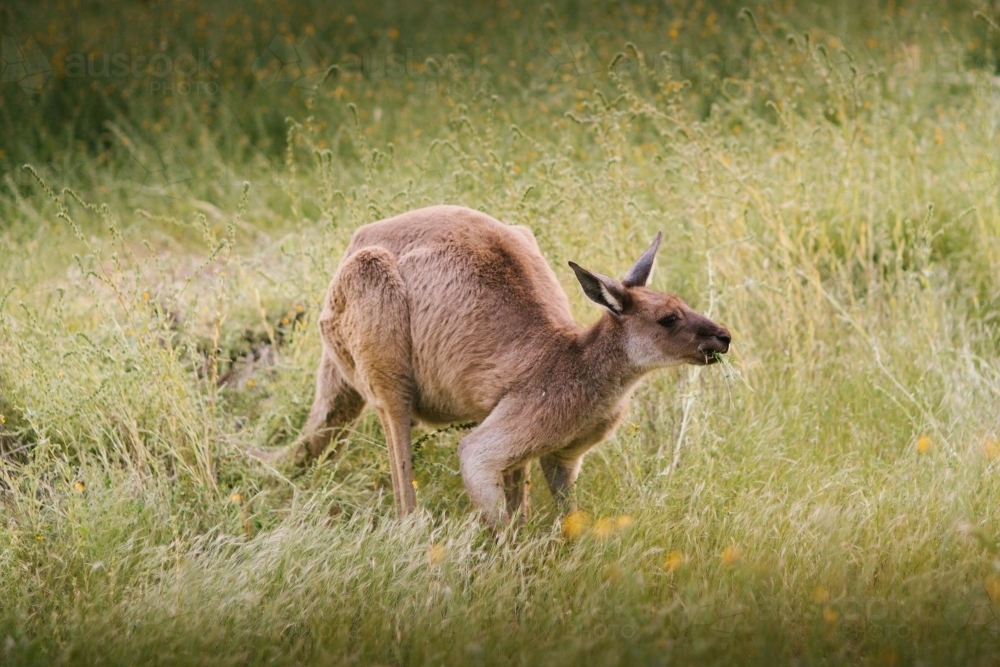 Kangaroo eating grass in the bush - Australian Stock Image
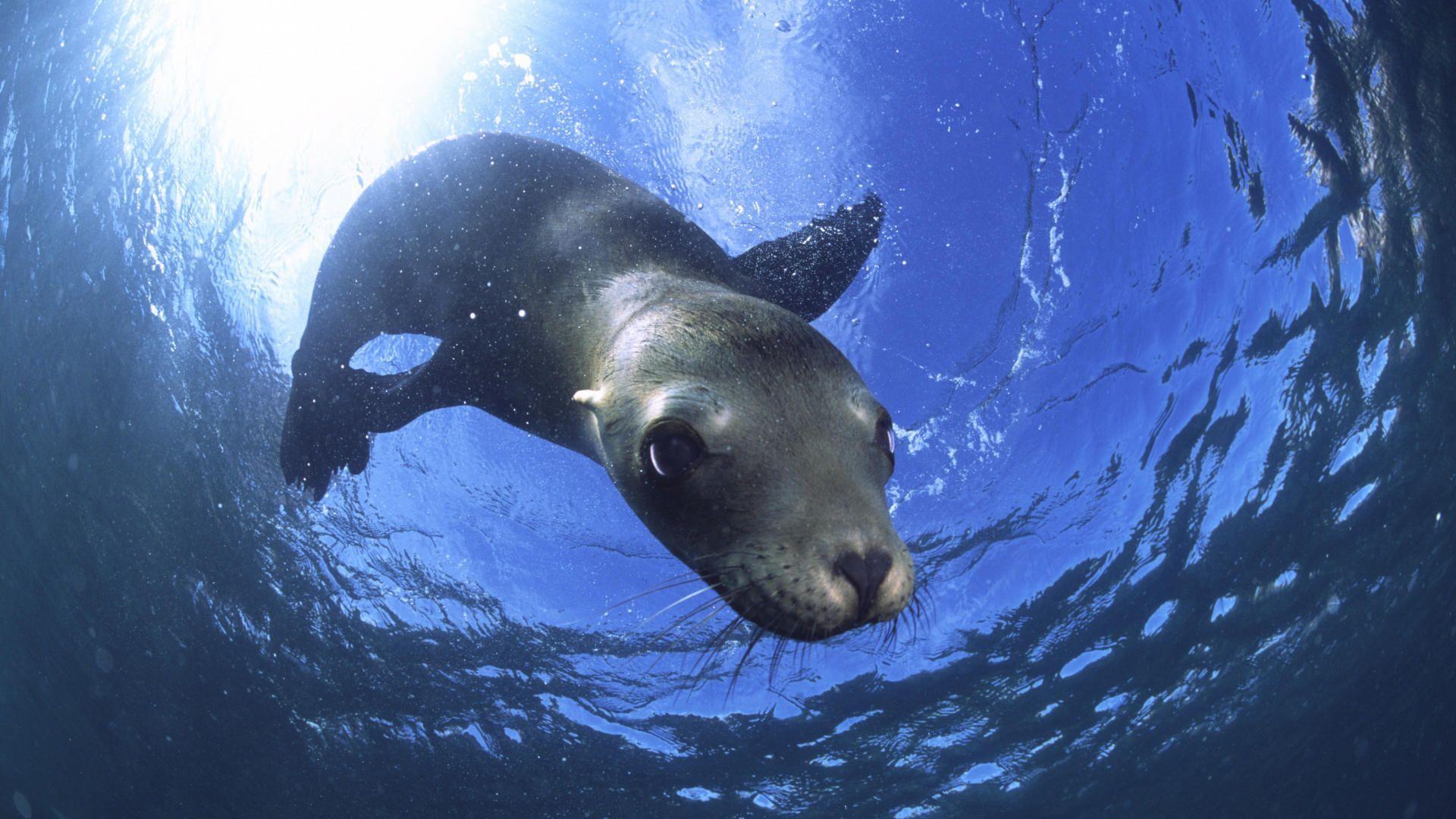 Animals: California Sea Lion, Baja California, Mexico, picture nr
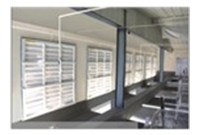 鸡慢性呼吸道病的诊断与防治方案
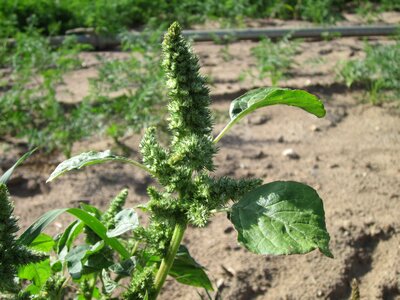 Plant flora botany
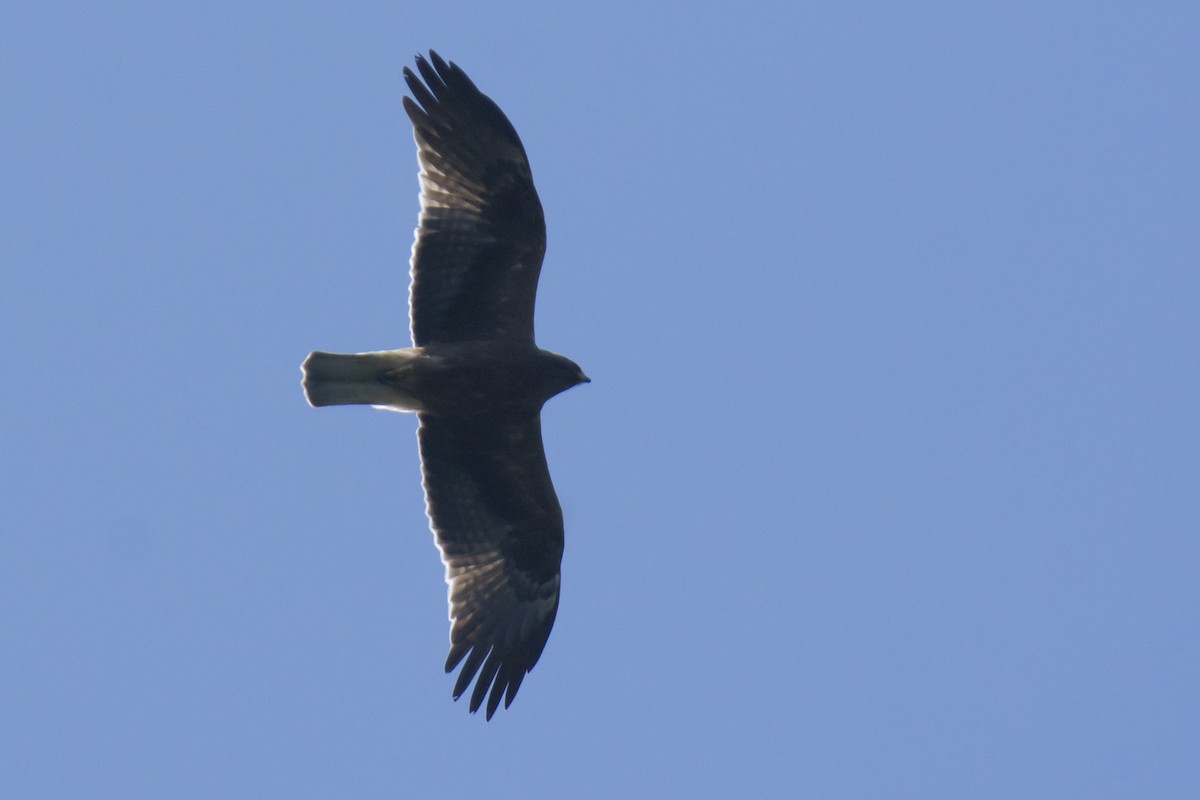 Arrano txikia - ML646780578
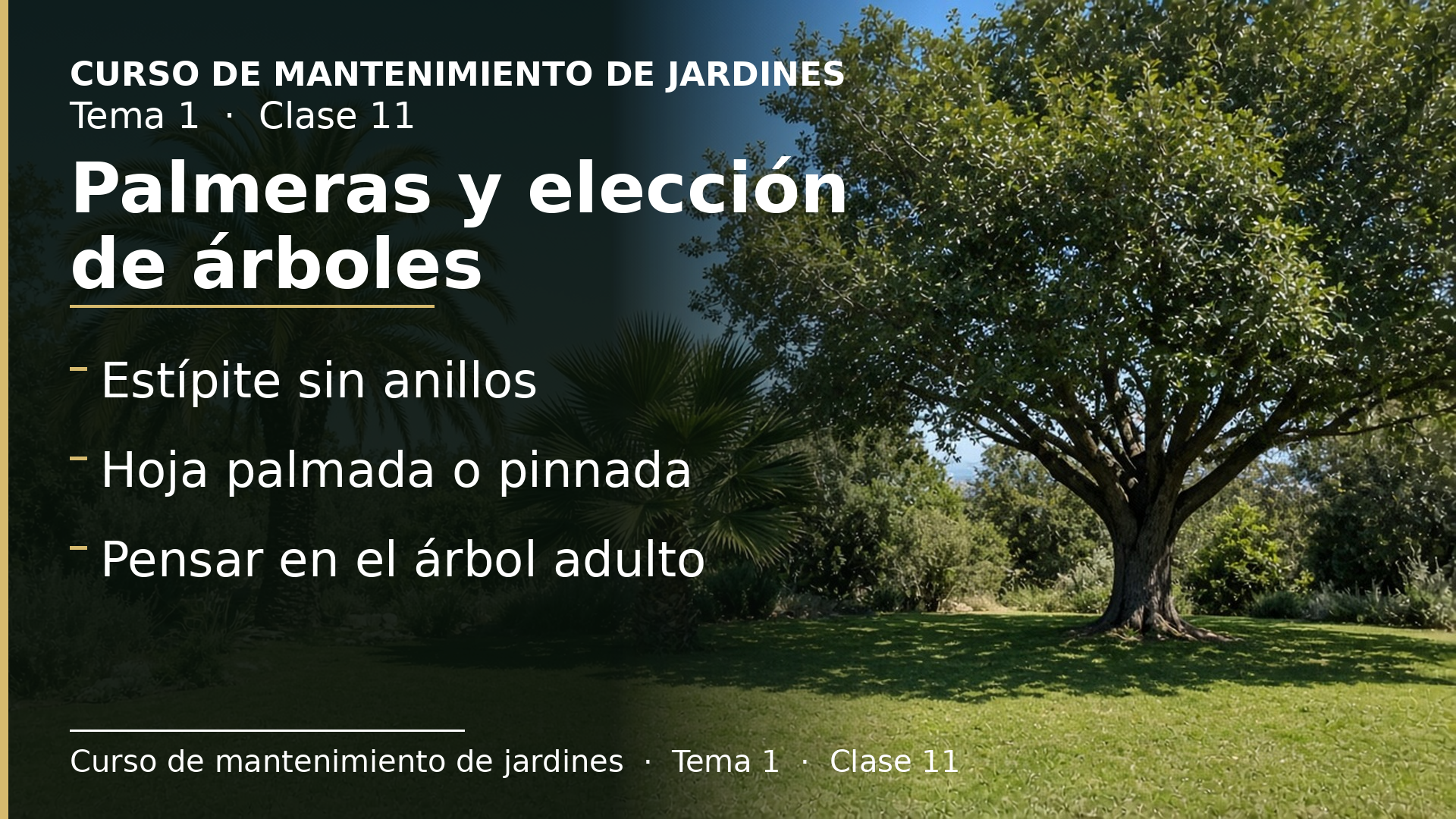 Diapositiva de la clase 11: Las palmeras y cómo elegir los árboles del jardín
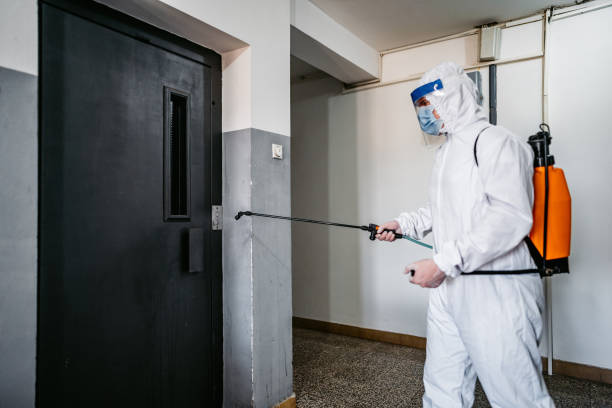 Pest Control Orlando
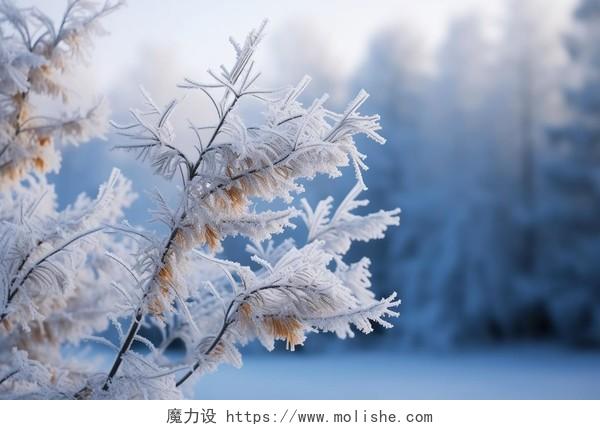 冬天的树枝上覆盖着霜雪大自然树枝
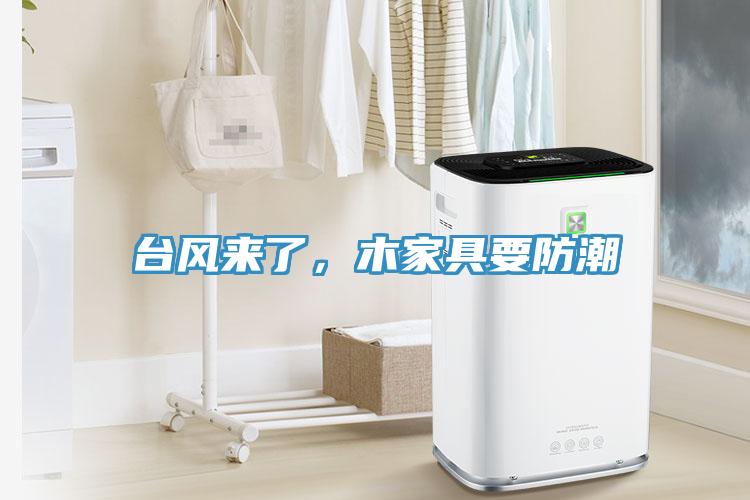 臺風(fēng)來了，木家具要防潮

ACTIVITY>
Quote every record above exactly, leaving out any pictures.

TASK ANSWER>
 Kangaroo eating grass in the bush - Australian Stock Image
 Animals: California Sea Lion, Baja California, Mexico, picture nr
 鸡慢性呼吸道病的诊断与防治方案
 Plant flora botany
 Arrano txikia - ML646780578
 Diapositiva de la clase 11: Las palmeras y cómo elegir los árboles del jardín
 Pest Control Orlando
 冬天的树枝上覆盖着霜雪大自然树枝
 臺風(fēng)來了，木家具要防潮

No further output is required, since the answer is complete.